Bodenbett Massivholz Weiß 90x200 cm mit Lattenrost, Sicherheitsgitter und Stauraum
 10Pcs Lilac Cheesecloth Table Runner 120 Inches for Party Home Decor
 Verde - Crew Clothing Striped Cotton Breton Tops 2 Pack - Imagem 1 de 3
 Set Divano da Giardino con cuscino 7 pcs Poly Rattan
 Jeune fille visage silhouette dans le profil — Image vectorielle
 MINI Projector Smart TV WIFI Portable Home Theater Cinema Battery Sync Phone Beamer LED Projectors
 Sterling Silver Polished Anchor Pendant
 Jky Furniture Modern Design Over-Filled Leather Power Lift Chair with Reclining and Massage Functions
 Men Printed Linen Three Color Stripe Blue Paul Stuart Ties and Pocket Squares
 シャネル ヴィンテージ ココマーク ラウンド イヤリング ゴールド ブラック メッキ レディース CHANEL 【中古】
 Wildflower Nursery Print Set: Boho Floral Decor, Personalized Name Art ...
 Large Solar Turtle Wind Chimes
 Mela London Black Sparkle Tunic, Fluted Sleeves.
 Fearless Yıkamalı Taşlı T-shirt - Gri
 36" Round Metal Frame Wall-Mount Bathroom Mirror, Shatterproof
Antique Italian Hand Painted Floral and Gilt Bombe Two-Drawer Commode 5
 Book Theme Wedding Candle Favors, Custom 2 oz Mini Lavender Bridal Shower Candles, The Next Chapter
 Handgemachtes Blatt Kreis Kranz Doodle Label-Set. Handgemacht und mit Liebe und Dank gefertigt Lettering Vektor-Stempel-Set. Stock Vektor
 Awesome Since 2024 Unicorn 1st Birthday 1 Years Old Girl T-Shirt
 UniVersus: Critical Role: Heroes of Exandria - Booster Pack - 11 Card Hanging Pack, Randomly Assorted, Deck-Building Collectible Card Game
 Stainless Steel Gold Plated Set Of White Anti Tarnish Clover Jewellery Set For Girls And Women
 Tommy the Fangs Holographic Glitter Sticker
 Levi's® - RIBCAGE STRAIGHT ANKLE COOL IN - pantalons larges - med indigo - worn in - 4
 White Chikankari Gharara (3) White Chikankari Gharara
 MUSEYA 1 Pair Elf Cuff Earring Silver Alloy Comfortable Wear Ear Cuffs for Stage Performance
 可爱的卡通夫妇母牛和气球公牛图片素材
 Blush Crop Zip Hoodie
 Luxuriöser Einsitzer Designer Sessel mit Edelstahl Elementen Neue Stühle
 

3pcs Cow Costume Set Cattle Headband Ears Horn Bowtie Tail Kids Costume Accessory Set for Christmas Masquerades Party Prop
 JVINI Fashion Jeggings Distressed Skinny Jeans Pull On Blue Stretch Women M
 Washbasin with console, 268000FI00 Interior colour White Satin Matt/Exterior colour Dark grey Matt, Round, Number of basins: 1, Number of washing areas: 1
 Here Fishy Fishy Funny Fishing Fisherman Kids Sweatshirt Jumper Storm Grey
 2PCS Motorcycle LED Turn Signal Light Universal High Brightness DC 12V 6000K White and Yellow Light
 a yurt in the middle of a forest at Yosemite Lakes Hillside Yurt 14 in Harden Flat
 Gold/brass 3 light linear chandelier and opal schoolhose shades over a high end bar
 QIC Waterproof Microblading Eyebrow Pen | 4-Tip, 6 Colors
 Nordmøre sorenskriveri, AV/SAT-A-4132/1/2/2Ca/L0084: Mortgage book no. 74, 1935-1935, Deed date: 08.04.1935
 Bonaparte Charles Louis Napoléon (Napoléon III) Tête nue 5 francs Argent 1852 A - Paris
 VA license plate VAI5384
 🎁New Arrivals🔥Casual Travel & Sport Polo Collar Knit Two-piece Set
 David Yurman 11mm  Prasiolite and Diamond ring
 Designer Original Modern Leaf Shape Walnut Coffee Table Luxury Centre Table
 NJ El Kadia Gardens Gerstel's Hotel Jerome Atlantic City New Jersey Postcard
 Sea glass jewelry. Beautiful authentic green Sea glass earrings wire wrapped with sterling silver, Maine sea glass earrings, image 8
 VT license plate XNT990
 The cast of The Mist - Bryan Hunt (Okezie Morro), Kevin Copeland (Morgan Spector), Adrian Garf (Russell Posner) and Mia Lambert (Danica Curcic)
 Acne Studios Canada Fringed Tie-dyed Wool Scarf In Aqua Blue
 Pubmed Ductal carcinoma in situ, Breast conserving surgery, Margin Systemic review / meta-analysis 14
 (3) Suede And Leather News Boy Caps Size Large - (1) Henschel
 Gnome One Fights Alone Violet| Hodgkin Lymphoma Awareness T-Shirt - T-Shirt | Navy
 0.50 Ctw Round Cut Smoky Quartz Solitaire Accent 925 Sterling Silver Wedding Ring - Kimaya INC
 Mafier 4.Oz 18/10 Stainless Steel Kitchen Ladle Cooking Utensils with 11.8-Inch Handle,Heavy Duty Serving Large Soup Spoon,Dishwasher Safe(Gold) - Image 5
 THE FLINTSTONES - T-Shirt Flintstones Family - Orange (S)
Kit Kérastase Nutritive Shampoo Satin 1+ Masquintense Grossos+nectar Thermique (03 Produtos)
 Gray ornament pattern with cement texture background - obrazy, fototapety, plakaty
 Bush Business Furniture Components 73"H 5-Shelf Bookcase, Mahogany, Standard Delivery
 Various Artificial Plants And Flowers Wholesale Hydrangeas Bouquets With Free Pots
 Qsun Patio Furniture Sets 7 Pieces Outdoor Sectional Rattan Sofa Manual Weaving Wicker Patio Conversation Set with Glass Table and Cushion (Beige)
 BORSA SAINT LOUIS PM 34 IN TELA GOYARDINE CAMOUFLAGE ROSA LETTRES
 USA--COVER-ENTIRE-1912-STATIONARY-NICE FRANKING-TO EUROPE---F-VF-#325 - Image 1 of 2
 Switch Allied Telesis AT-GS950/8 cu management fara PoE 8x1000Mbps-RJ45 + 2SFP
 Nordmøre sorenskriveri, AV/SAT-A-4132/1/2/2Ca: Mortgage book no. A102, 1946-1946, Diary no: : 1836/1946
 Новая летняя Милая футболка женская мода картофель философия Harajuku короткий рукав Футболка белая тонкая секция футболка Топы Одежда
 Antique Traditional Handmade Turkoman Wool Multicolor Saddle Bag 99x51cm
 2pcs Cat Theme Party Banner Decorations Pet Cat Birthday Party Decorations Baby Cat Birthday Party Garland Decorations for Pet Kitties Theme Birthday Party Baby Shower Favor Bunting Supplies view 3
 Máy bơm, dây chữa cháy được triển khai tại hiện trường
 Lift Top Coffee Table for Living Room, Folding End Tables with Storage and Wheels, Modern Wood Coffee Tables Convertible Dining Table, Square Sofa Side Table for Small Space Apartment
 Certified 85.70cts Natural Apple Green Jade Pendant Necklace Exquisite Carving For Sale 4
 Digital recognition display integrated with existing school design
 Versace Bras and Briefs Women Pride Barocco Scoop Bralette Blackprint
────
PROBLEM:
Repeat, word for word, the lines above between the line holding "VA license plate VAI5384" and the line holding "(3) Suede And", inclusive; omit everything else.

OUTPUT OF THE EXERCISE:
 VA license plate VAI5384
 🎁New Arrivals🔥Casual Travel & Sport Polo Collar Knit Two-piece Set
 David Yurman 11mm  Prasiolite and Diamond ring
 Designer Original Modern Leaf Shape Walnut Coffee Table Luxury Centre Table
 NJ El Kadia Gardens Gerstel's Hotel Jerome Atlantic City New Jersey Postcard
 Sea glass jewelry. Beautiful authentic green Sea glass earrings wire wrapped with sterling silver, Maine sea glass earrings, image 8
 VT license plate XNT990
 The cast of The Mist - Bryan Hunt (Okezie Morro), Kevin Copeland (Morgan Spector), Adrian Garf (Russell Posner) and Mia Lambert (Danica Curcic)
 Acne Studios Canada Fringed Tie-dyed Wool Scarf In Aqua Blue
 Pubmed Ductal carcinoma in situ, Breast conserving surgery, Margin Systemic review / meta-analysis 14
 (3) Suede And Leather News Boy Caps Size Large - (1) Henschel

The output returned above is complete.